The two leads are immediately appealing, though Yooka has already transformed from tiger to chameleon to fit the versatile moveset Price envisaged. There aren’t many chameleon heroes in games, but character art director Steve Mayles (the man responsible for Banjo and Kazooie) was careful to ensure his new creations stood out in other ways, too. “I always try to come up with unique features,” he tells us, gesturing to Yooka’s three-pronged crest on an early piece of concept art. “Over time, that got hollowed out at the back, so that [Laylee] could fit inside, almost like a little cockpit.”

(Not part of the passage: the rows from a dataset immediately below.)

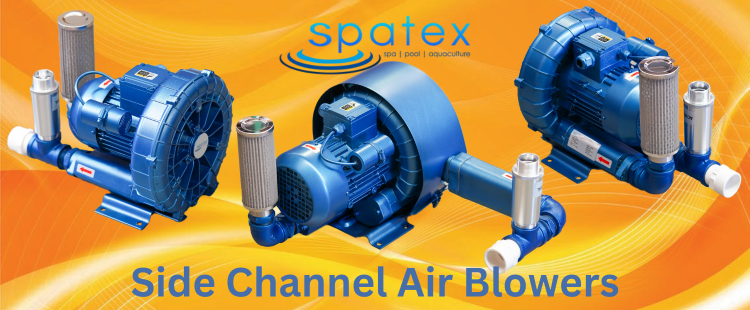 spatex side channel air blowers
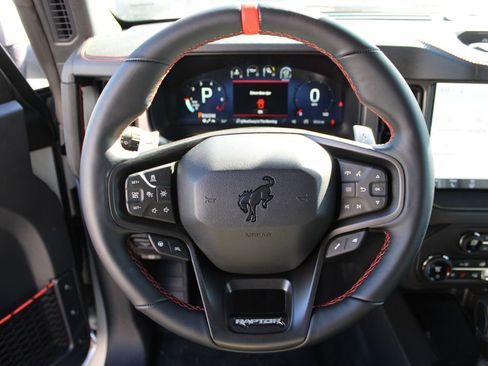 New 2026 Ford Bronco Raptor AWD/4WD image 4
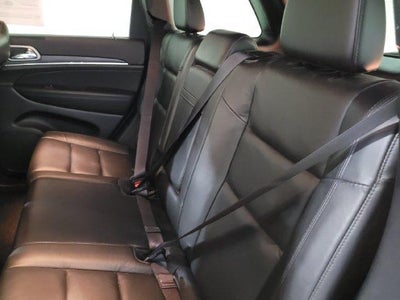 2022 Jeep Grand Cherokee WK Limited 4WD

The pair are adorably animated as well. Yooka leans his bulbous head to the side in response to your analogue stick nudges, while a double-jump move sees Laylee flapping furiously to carry her ally. An amusing idle animation, meanwhile, sees Laylee distract Yooka by dangling a wing over one eye, before hovering around and playfully biting his crest. That alone took Mayles a week to produce. “The bar is a lot higher now than in the N64 days,” he says. “Back then, it was 600 polygons for a character; now it’s 600 for an eye. You’re expected to do much more. It was easy when you could design, model and animate a character in a week and then move onto the next one, whereas now that process might take a month. So it’s a challenge to keep the number of characters high so that there’s plenty of them to [encounter] in the game, but at the same time maintain that quality.”

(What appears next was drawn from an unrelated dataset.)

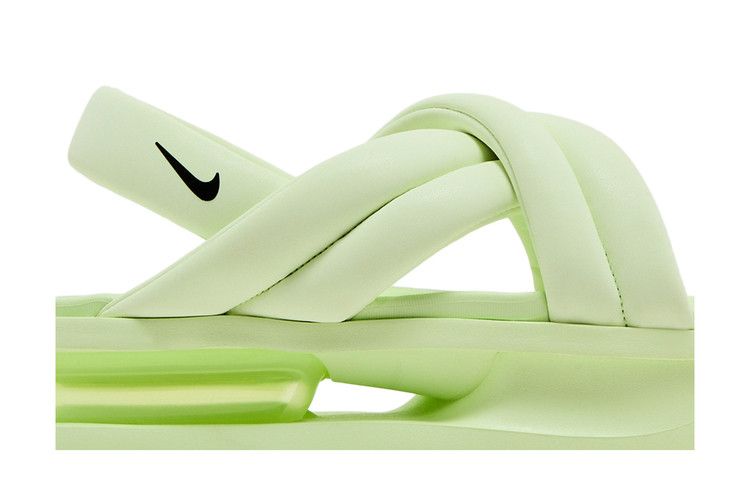Women's Sandals Nike Air Max Isla Sandal Barely Volt (Women's) Barely Volt/Barely Volt/Volt/Black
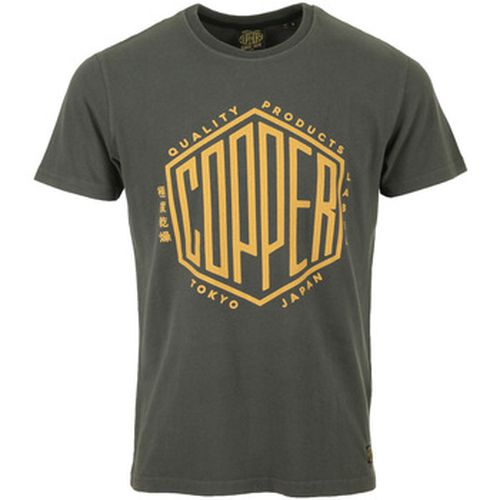 T-shirt Superdry Copper Label Tee - Superdry - Modalova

Indeed, while the aim is to capture the spirit of the N64 era, Playtonic has more ambitious plans for Yooka-Laylee. The main hub environment will be expandable, with the game’s Pagie collectables (twice referred to as Jiggies during our visit) unlocking new areas. And the equivalent of Jinjos will, Price says, “be more involved”. Mayles elaborates: “Initially, we were going to have one ghost in different colours; now we’ve got five different types that you have to do different things [to catch]. There’s a cloaked one you reveal with the bat’s sonar, a scary one that’s always going to attack you, one with a big mouth that you’ll probably have to throw something in, a standard one, and, finally, this wispy one, who’ll be hard to get.” Environments will also be ability-gated, with Yooka and Laylee’s skills expanding far beyond a tongue-grapple and sonar. None of these ideas is hugely novel, but it’s evident the team is keen for the game not to degenerate into a mindless collectathon. There will be items to pick up, in other words, but they’ll be more meaningfully integrated.

Yooka-Laylee

What we’ve seen is merely a promising start, but the team has already achieved a surprising amount in a relatively short time. Senior software engineer Jens Restemeier attributes the speed at which Playtonic was able to make that gameplay teaser to the immediacy and flexibility of Unity. “It’s the first engine where you can load up the editor, put some objects in and just play around with them immediately,” he says. “It gives us Xbox support, PlayStation support, and Wii U support. We would not be at this stage if we’d had to make our own engine.”

Even with Unity’s help, Price admits that Playtonic will require extra manpower to meet a planned October 2016 release. With some private funding in place, it has more than the Kickstarter money to play around with, though it’s under no illusions that to achieve the level of quality and polish it’s seeking  will require substantial effort. It does no harm, of course, that the core team members already know each other very well, and have years of experience within the genre from which to draw. Not only that, but the prospect of working long hours and enduring late-night finishes is naturally more appealing when the project is entirely your own. “We have that creative autonomy now,” Price says. “Everyone just comes in and does their job and there’s that level of trust [between us]. It’s taken a long time to get the right mix of people, but we’ve got guys who are experts at making this kind of game. And hopefully, if we get a big hit, we can expand the team even more.”